Le populisme gagne du terrain en Afrique. Il est porté par le rejet des élites et les inégalités croissantes. Ce phénomène soulève une question cruciale : représente-t-il une opportunité pour la démocratie ou une menace pour la stabilité du continent ?
Alors que l’Afrique s’efforce de bâtir des démocraties stables, le spectre du populisme se dresse, menaçant d’anéantir les fragiles acquis de la liberté et de la justice sociale. Ce courant politique, qui prétend redonner le pouvoir au « peuple » face à une élite jugée corrompue et déconnectée, prend de l’ampleur sur le continent, nourri par des inégalités croissantes et une défiance généralisée envers les institutions.
Un terreau fertile pour le populisme
Le populisme en Afrique est un phénomène complexe qui se manifeste différemment selon les contextes nationaux et régionaux. Dans de nombreux pays, une minorité détient l’essentiel des richesses, tandis qu’une large partie de la population vit dans la précarité. Cette fracture socio-économique alimente un profond sentiment d’injustice, propice à l’émergence de leaders populistes qui se présentent comme des alternatives aux élites traditionnelles.
De plus, la corruption endémique et la mauvaise gestion des ressources publiques ont accru la défiance des citoyens envers leurs dirigeants. Cette situation a contribué à l’ascension de régimes militaires au Mali, au Burkina Faso, au Niger, en Guinée et au Gabon, ces derniers ayant su capitaliser sur l’insatisfaction populaire pour justifier leur prise de pouvoir.
Des figures populistes en pleine ascension
Dans plusieurs pays africains, des leaders populistes ont su exploiter les frustrations populaires pour asseoir leur influence. En Zambie, Edgar Lungu a été vivement critiqué pour sa gestion, ouvrant la voie à des figures populistes. En Afrique du Sud, le débat sur la redistribution des terres a été amplifié par une rhétorique nationaliste héritée des inégalités de l’apartheid.
De même, au Nigeria, Muhammadu Buhari a utilisé un discours nationaliste pour renforcer sa base électorale. Cette stratégie, qui consiste à mobiliser les masses autour d’un récit d’exclusion et de revanche sociale, a également été observée en Ouganda avec Bobi Wine, qui a su tirer parti des réseaux sociaux pour mobiliser la jeunesse contre le régime en place.

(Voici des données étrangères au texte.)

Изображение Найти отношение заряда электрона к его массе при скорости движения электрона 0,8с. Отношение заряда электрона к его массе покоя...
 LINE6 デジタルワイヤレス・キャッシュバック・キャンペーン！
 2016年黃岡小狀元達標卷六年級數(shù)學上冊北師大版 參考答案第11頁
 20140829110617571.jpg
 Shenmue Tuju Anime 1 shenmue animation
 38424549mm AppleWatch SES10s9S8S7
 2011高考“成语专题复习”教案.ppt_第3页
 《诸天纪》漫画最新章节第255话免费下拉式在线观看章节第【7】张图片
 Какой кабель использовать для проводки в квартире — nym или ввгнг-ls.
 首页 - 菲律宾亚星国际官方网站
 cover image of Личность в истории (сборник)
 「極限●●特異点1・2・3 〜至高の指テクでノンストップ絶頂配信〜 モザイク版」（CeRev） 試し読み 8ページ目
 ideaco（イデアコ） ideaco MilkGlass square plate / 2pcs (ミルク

Les conséquences d’un populisme débridé
Si le populisme permet une mobilisation accrue des citoyens, il fragilise aussi les institutions démocratiques. En Côte d’Ivoire, après les élections de 2010-2011, les discours populistes ont exacerbé les divisions ethniques, plongeant le pays dans une crise profonde.
De nombreux leaders populistes, une fois au pouvoir, cherchent à affaiblir les institutions pour consolider leur autorité. Manipulation des élections, répression de l’opposition, restrictions des libertés de la presse : autant de stratégies utilisées pour maintenir un contrôle total sur l’appareil d’État.
Dans certains cas, cette dynamique a conduit à une instabilité politique accrue. Le mouvement Hirak en Algérie, par exemple, fut en partie une réaction contre un gouvernement perçu comme populiste et déconnecté des réalités du peuple.
Un défi pour la démocratie africaine
Le populisme en Afrique est donc un phénomène aux multiples facettes, dont les causes sont profondément enracinées dans les contextes socio-économiques, politiques et culturels du continent. Ses effets sont ambivalents : s’il permet de mobiliser davantage de citoyens, il peut aussi fragiliser les démocraties naissantes.
Pour préserver la stabilité du continent, les pays africains doivent trouver un équilibre entre l’expression des aspirations populaires et le renforcement de leurs institutions démocratiques. Il en va de l’avenir de la gouvernance africaine et de la résilience des États face aux défis du XXIe siècle.